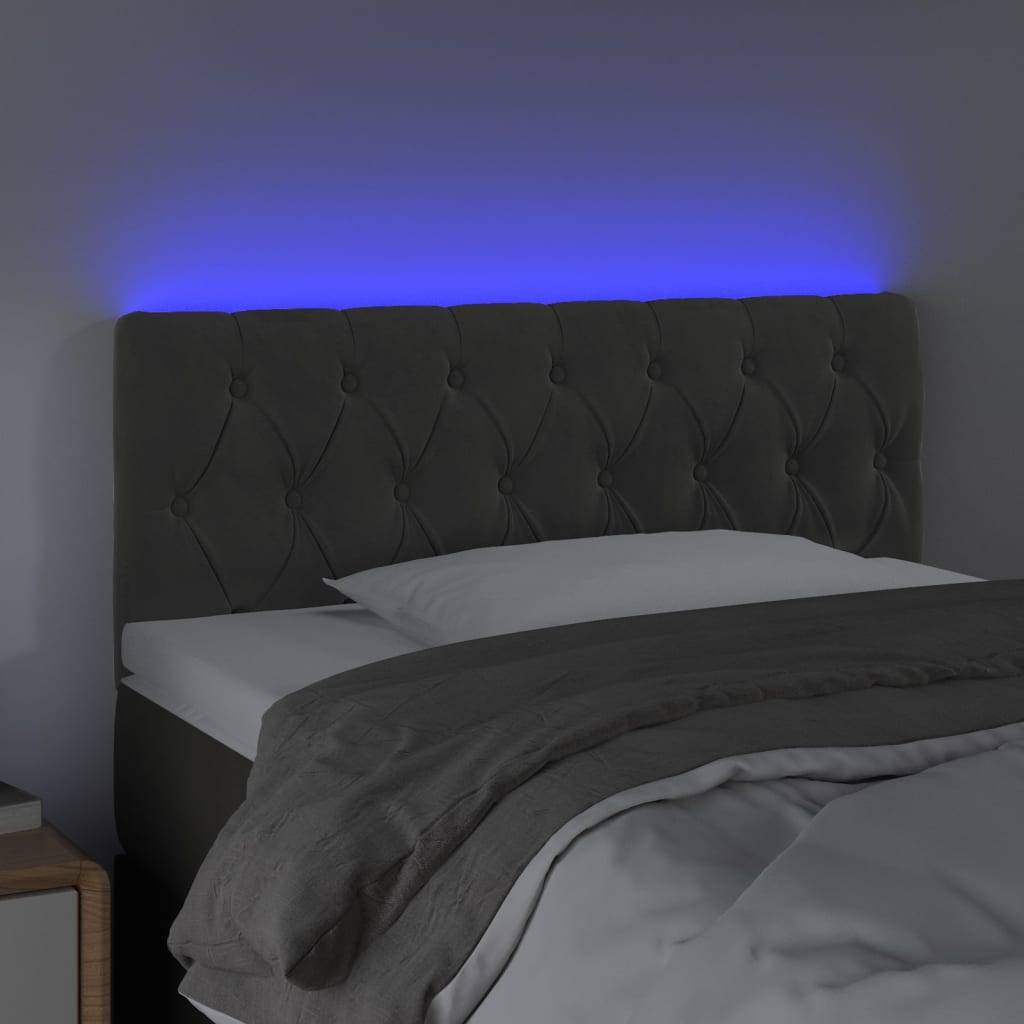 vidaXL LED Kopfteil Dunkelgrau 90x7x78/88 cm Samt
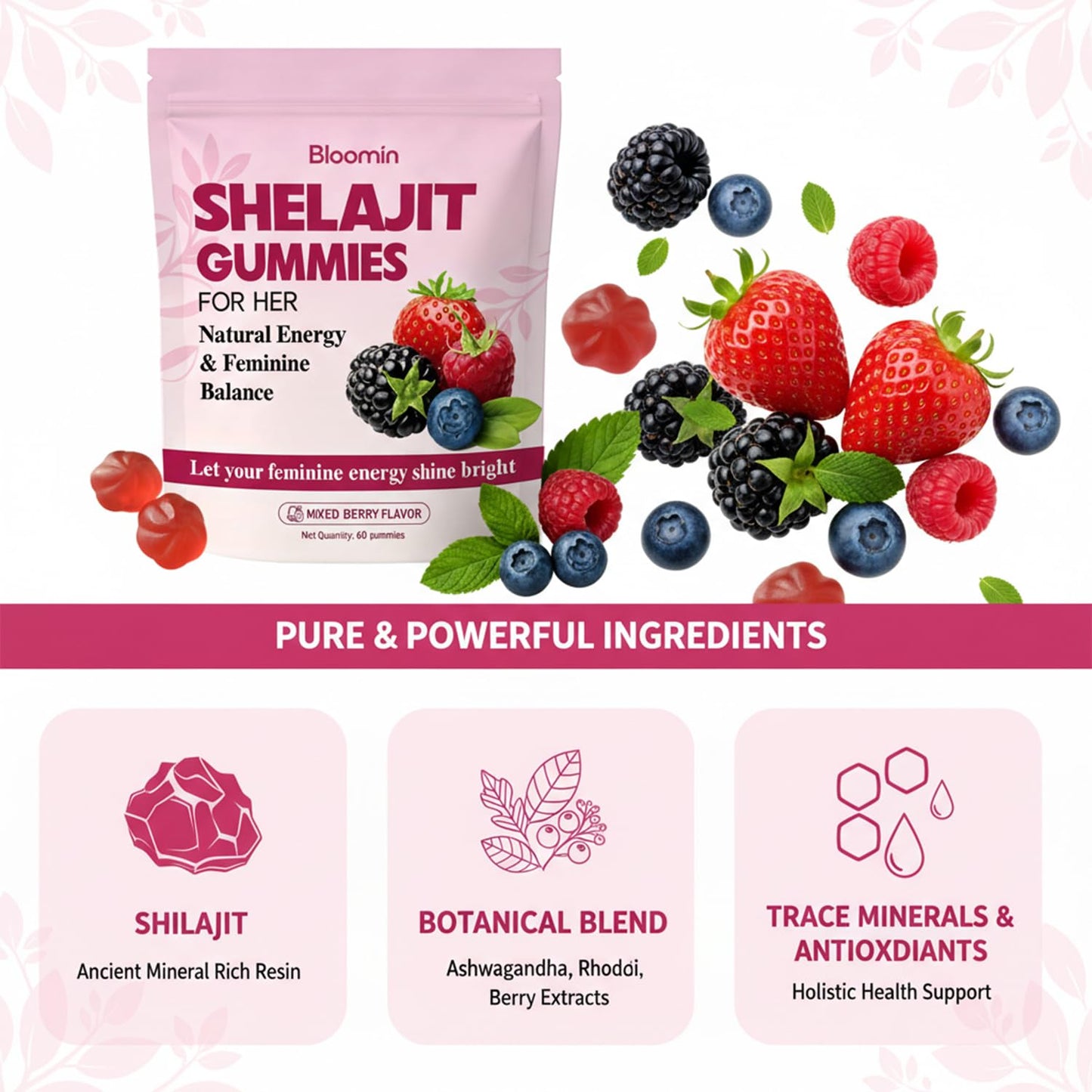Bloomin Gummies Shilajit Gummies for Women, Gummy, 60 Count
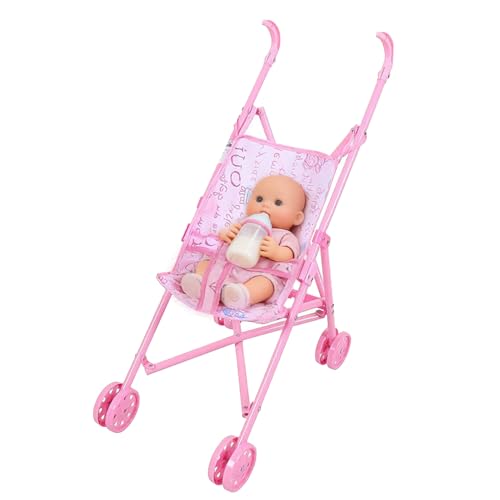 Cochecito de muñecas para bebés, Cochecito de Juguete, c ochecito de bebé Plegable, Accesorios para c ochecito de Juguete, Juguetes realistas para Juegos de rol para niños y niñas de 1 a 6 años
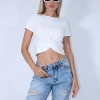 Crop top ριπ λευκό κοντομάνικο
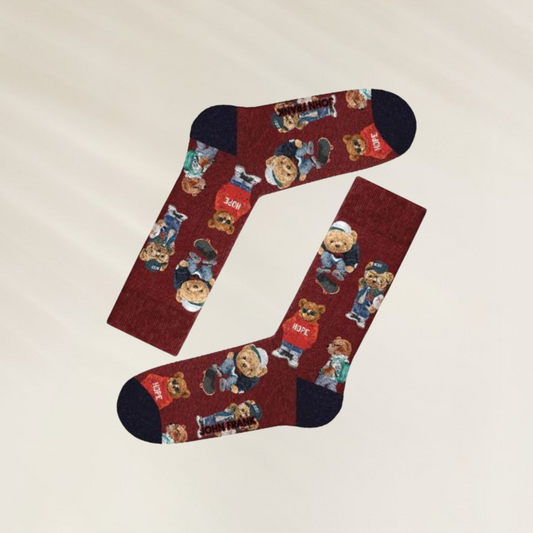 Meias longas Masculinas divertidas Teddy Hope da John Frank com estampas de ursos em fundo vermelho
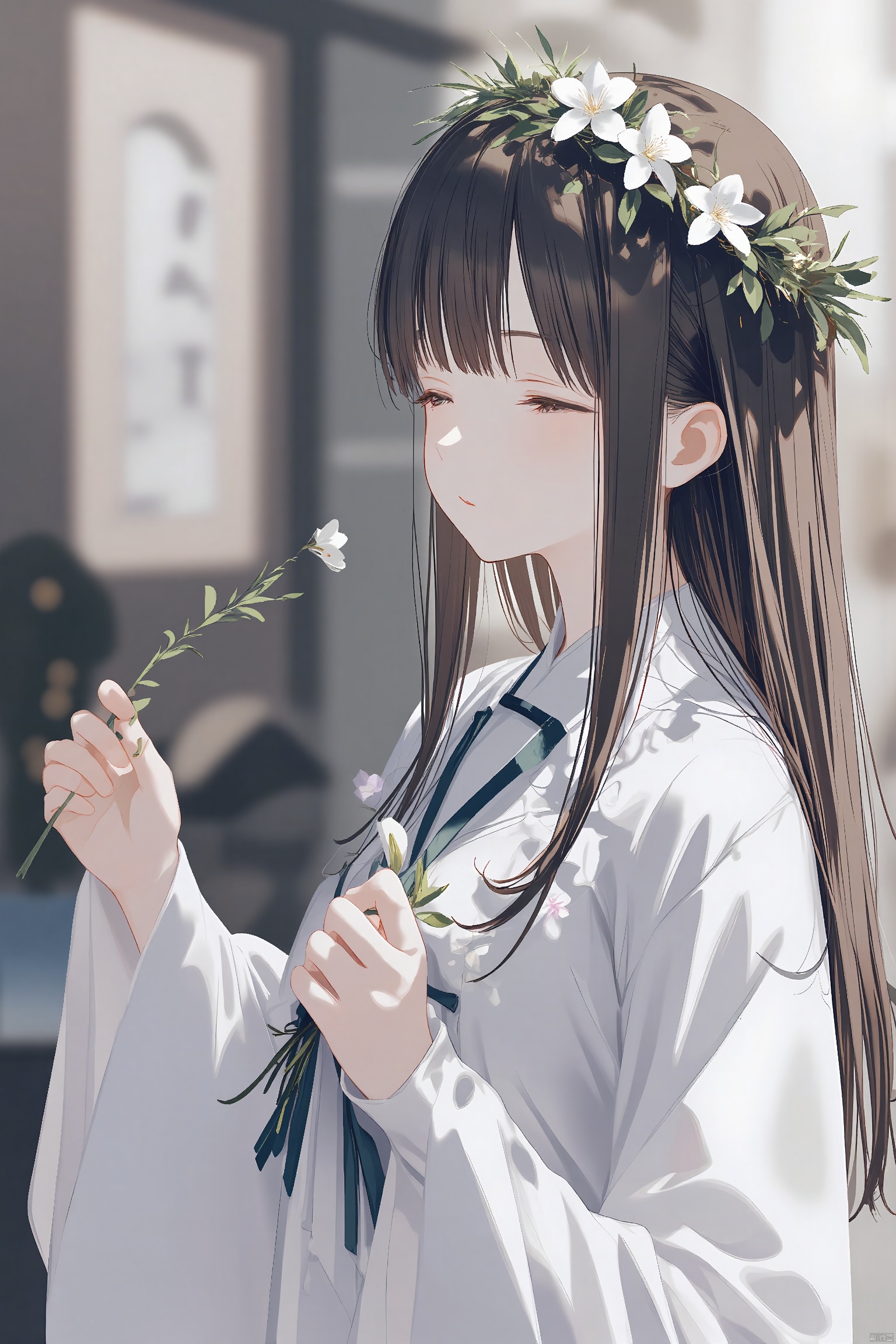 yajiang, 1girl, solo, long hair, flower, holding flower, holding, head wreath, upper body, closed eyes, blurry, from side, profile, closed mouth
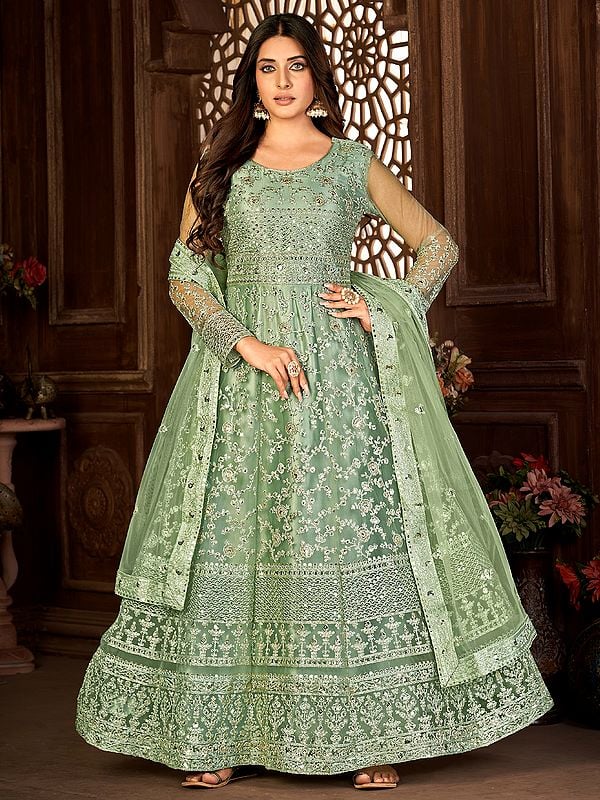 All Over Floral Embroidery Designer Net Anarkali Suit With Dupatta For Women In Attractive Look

---

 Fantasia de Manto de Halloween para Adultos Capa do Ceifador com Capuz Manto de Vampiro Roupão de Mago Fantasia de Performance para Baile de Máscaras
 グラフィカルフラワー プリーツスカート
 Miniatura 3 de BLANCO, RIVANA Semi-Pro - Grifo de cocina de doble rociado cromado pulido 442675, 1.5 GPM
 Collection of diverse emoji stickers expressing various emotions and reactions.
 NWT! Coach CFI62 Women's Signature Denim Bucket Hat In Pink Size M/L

==

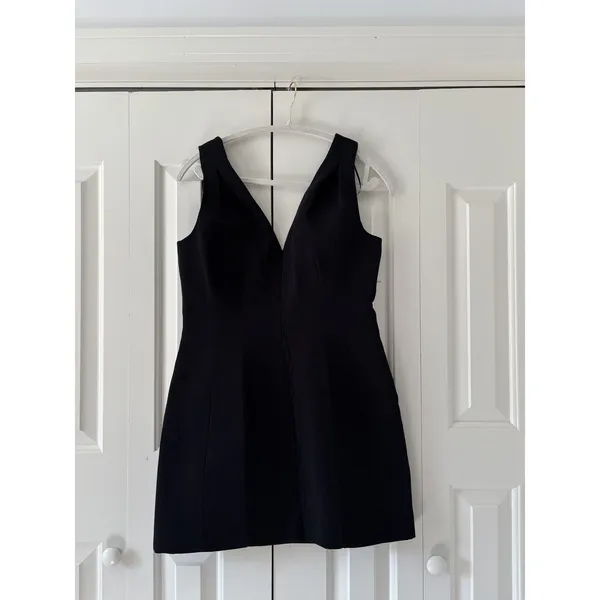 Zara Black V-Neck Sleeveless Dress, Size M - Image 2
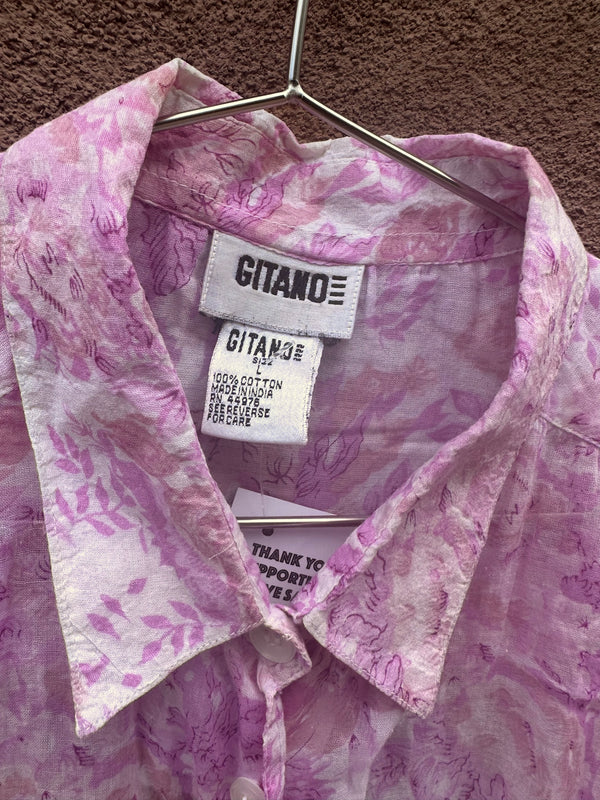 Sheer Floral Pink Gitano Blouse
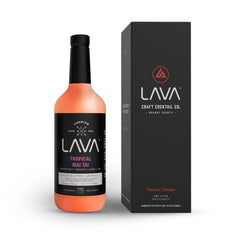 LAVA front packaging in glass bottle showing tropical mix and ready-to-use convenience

> **Activity**
The lines above, starting at the one with "Collection of diverse" and ending at the one with "NWT! Coach CFI62", are the only ones to return, exactly as written.

> **Result for this exercise**
 Collection of diverse emoji stickers expressing various emotions and reactions.
 NWT! Coach CFI62 Women's Signature Denim Bucket Hat In Pink Size M/L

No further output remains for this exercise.